> _Exercise goal_
When you copy from the entries that follow, take only the lines from the one with "Seren Pearl Clip-On Earrings product image 7" down to the one with "Immagine 9 di", keeping both ends and dropping every picture.

> _Input material_
========
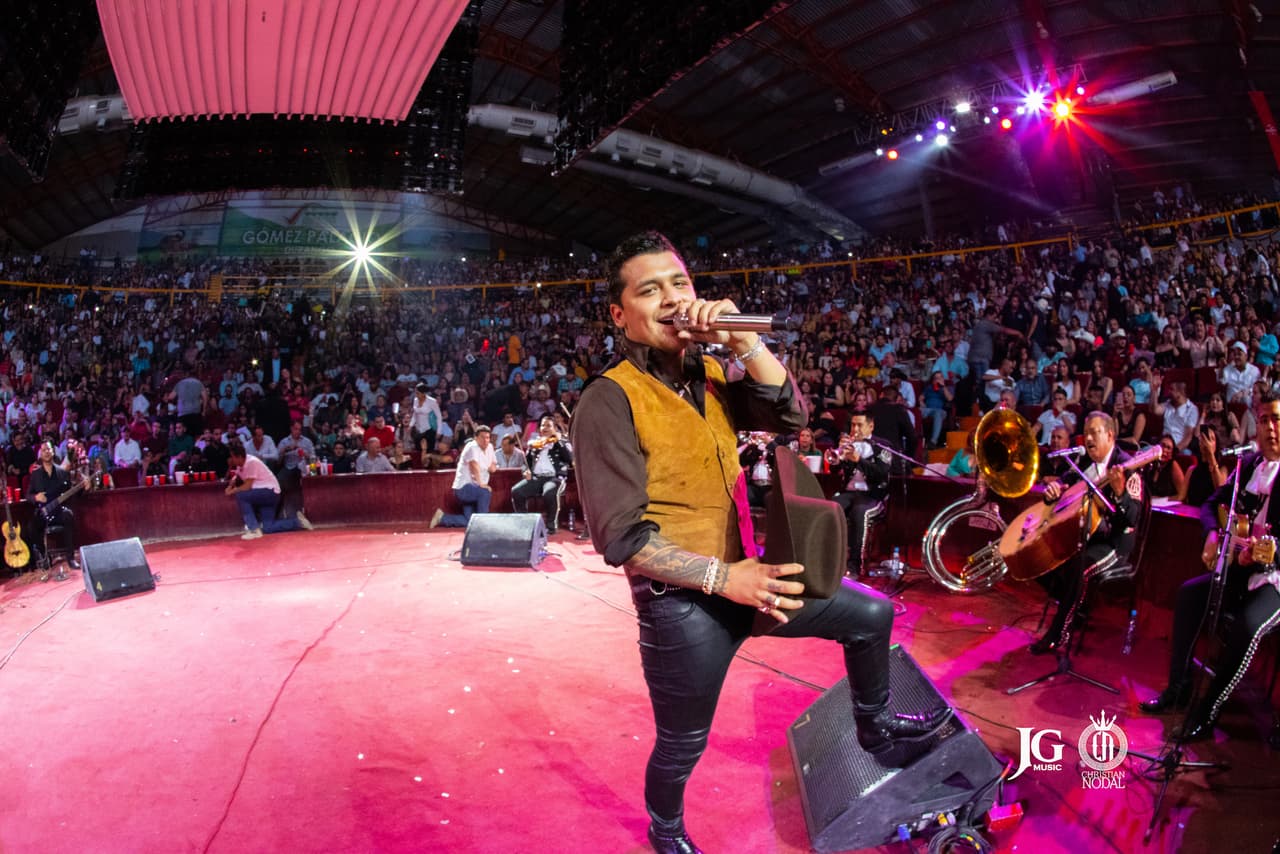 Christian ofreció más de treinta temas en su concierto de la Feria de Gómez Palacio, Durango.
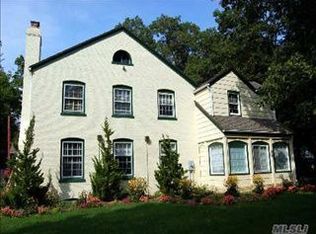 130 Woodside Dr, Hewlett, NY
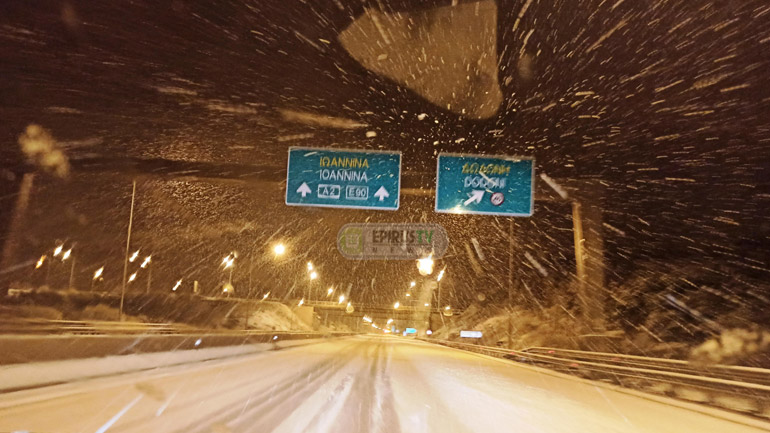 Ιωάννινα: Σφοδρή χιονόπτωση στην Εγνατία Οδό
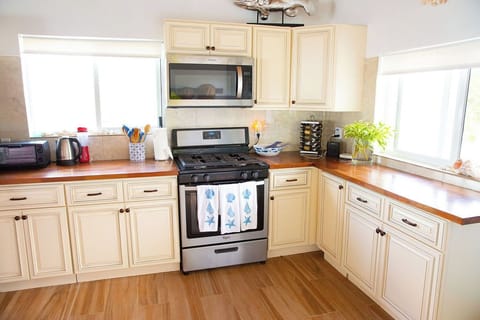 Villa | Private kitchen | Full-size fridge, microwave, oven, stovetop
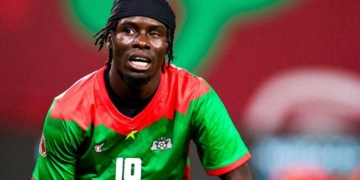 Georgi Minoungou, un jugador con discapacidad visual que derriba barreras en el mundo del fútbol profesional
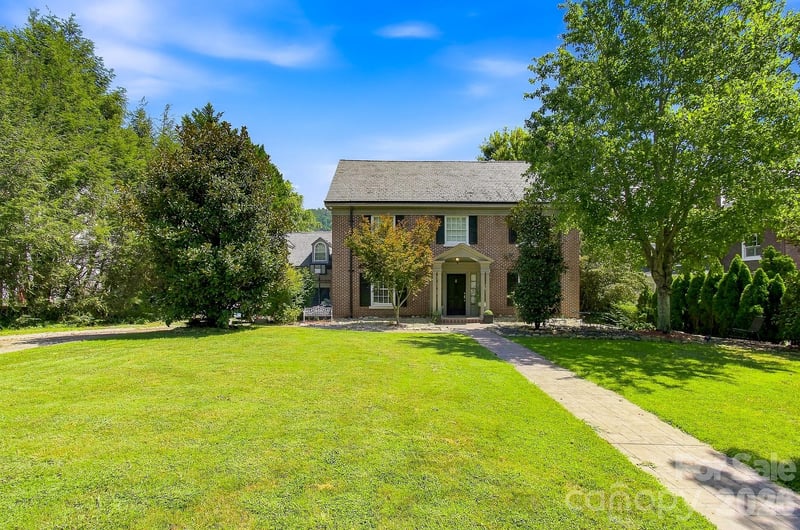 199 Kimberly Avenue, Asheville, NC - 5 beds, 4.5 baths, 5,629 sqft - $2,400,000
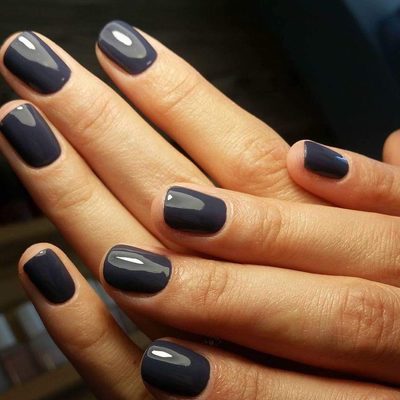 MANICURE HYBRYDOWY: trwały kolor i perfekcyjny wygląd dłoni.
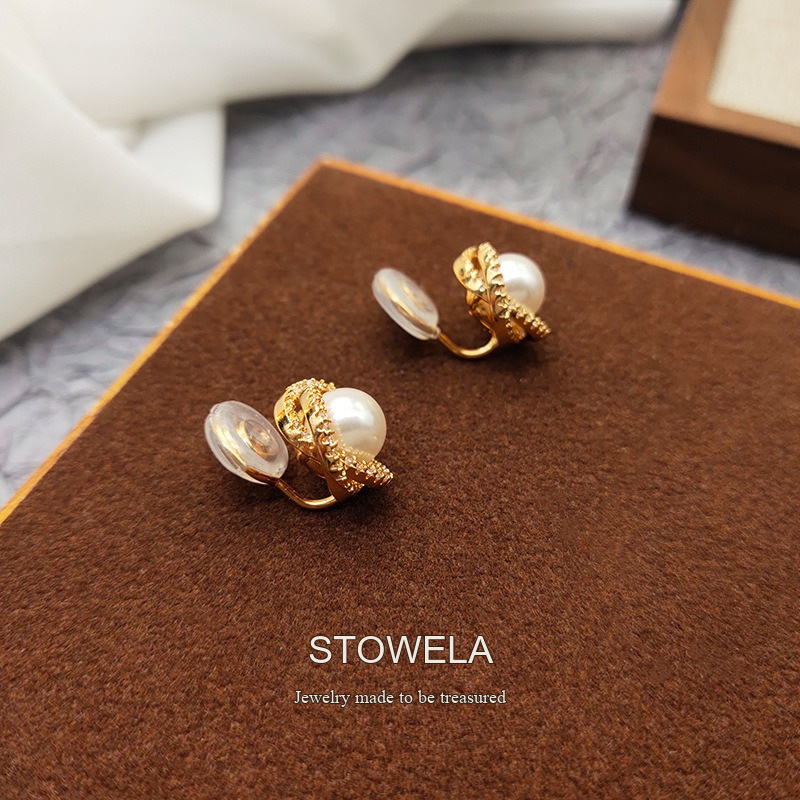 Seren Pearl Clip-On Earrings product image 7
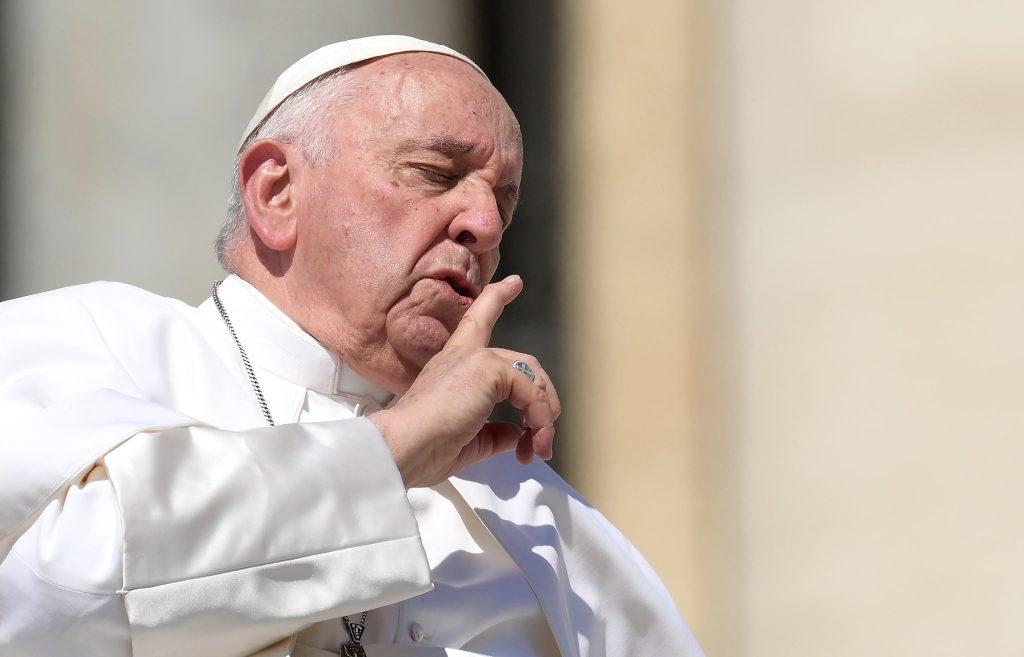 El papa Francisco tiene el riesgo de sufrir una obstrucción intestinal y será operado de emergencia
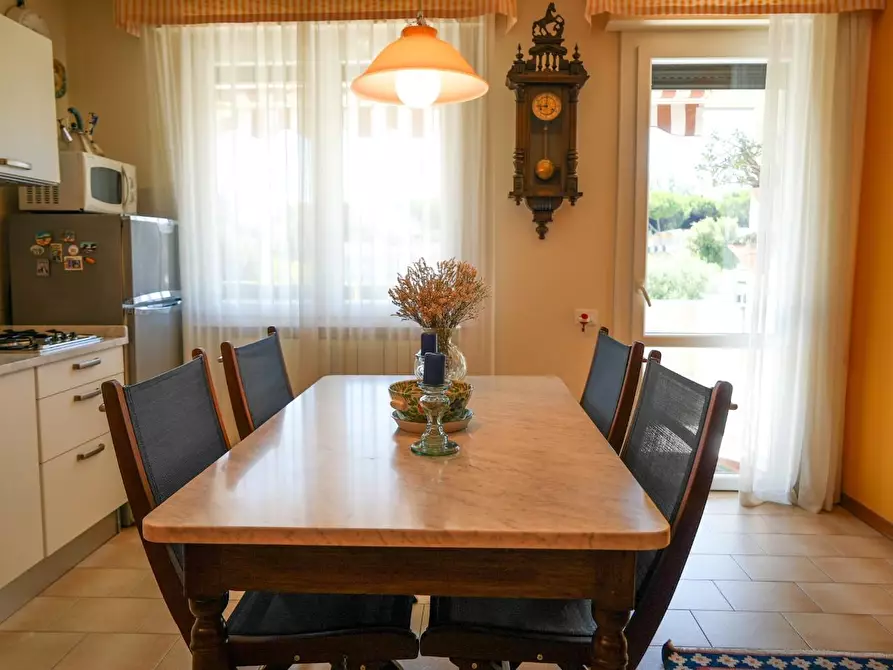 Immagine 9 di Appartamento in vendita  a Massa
========
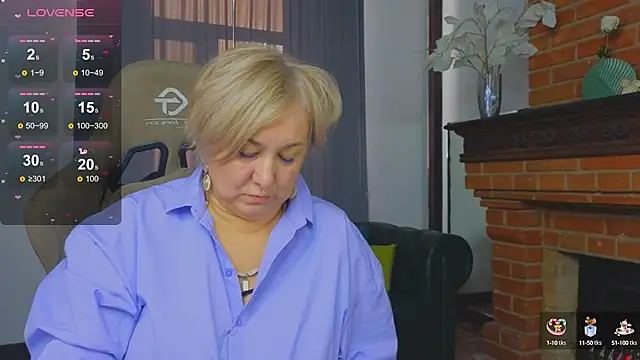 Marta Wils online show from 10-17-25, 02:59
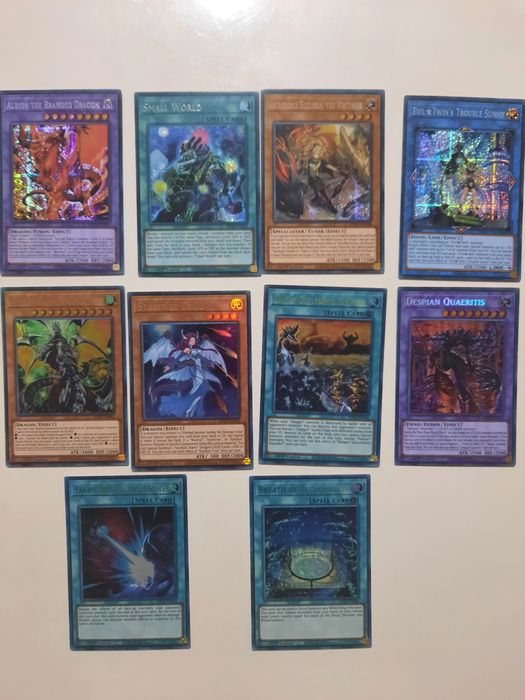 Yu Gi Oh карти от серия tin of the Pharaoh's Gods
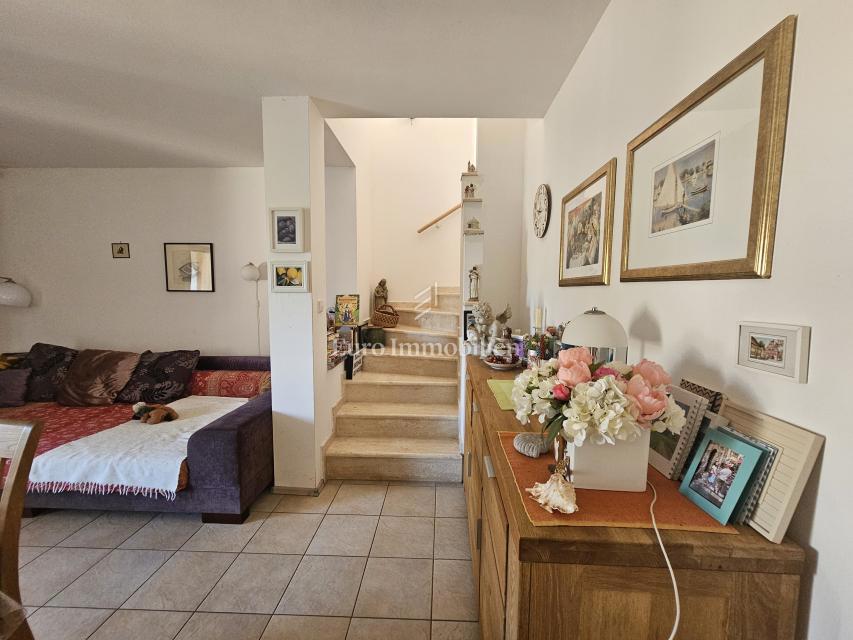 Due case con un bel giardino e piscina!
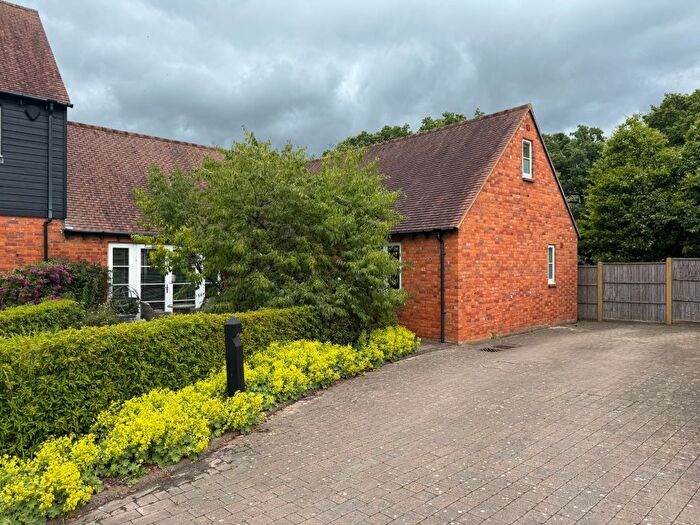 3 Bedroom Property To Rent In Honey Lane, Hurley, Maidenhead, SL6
========
> _Your solution_
 Seren Pearl Clip-On Earrings product image 7
 El papa Francisco tiene el riesgo de sufrir una obstrucción intestinal y será operado de emergencia
 Immagine 9 di Appartamento in vendita  a Massa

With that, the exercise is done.